Parallel Approximations for High-Dimensional Multivariate Normal Probability Computation in Confidence Region Detection Applications

Addressing the statistical challenge of computing the multivariate normal (MVN) probability in high dimensions holds significant potential for enhancing various applications. For example, the critical task of detecting confidence regions where a process probability surpasses a specific threshold is essential in diverse applications, such as pinpointing tumor locations in magnetic resonance imaging (MRI) scan images, determining hydraulic parameters in groundwater flow issues, and forecasting regional wind power to optimize wind turbine placement, among numerous others. One common way to compute high-dimensional MVN probabilities is the Separation-of-Variables (SOV) algorithm. This algorithm is known for its high computational complexity of O(n(3)) and space complexity of O(n(2)), mainly due to a Cholesky factorization operation for an n x n covariance matrix, where n represents the dimensionality of the MVN problem. This work proposes a high-performance computing framework that allows scaling the SOV algorithm and, subsequently, the confidence region detection algorithm.

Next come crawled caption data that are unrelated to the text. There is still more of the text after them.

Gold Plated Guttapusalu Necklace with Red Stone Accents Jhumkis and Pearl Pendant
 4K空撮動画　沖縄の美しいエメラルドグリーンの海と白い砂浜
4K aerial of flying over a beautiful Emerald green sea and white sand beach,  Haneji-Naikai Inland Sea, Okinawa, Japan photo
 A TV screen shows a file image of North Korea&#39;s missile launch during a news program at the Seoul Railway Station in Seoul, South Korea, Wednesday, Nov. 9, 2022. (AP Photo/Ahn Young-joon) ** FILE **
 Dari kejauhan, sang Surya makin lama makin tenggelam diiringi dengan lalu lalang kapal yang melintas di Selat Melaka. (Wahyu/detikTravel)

The framework leverages parallel linear algebra algorithms with a task-based programming model to achieve performance scalability in computing process probabilities, especially on large-scale systems. In addition, we enhance our implementation by incorporating Tile Low-Rank (TLR) approximation techniques to reduce algorithmic complexity without compromising the necessary accuracy. To evaluate the performance and accuracy of our framework, we conduct assessments using simulated data and a wind speed dataset. Our proposed implementation effectively handles high-dimensional multivariate normal (MVN) probability computations on shared and distributed-memory systems using finite precision arithmetics and TLR approximation computation. Performance results show a significant speedup of up to 20X in solving the MVN problem using TLR approximation compared to the reference dense solution without sacrificing the application's accuracy. The qualitative results on synthetic and real datasets demonstrate how we maintain high accuracy in detecting confidence regions even when relying on TLR approximation to perform the underlying linear algebra operations.